### Exercise brief
The reply must repeat the listing below exactly and carry none of its pictures.

### Provided data

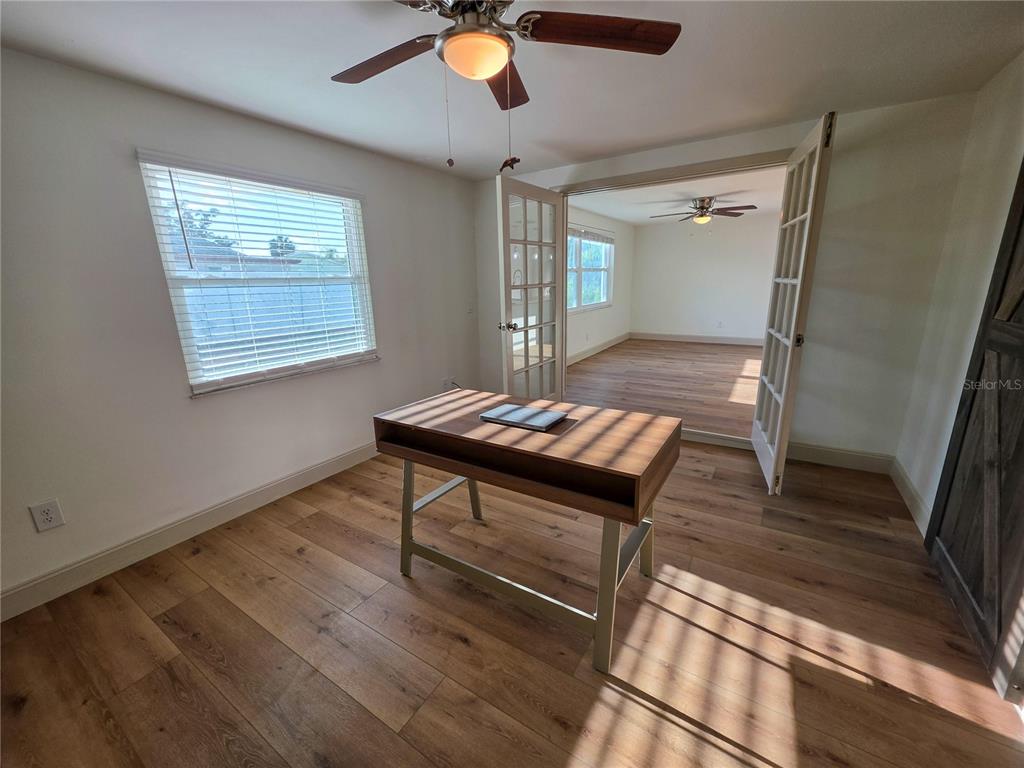 505 Red Mangrove Lane Apollo Beach, FL 33572 - Photo 17 of 24 a view of a hallway to a livingroom with furniture
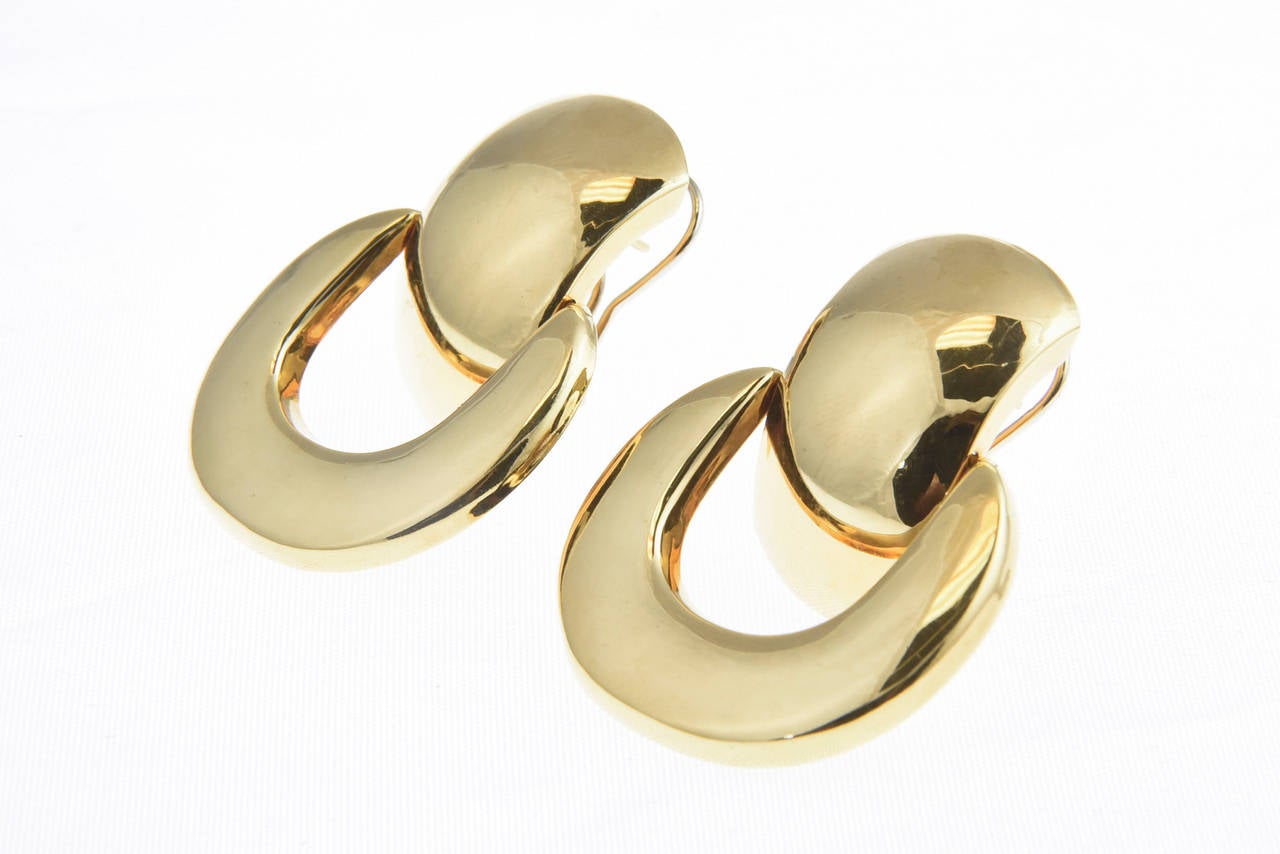 Large but not too heavy, these 18k yellow gold door knocker earrings have a post and clip so lay nicely.

Marked 18k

### Task answer
 505 Red Mangrove Lane Apollo Beach, FL 33572 - Photo 17 of 24 a view of a hallway to a livingroom with furniture
 Large but not too heavy, these 18k yellow gold door knocker earrings have a post and clip so lay nicely.

Marked 18k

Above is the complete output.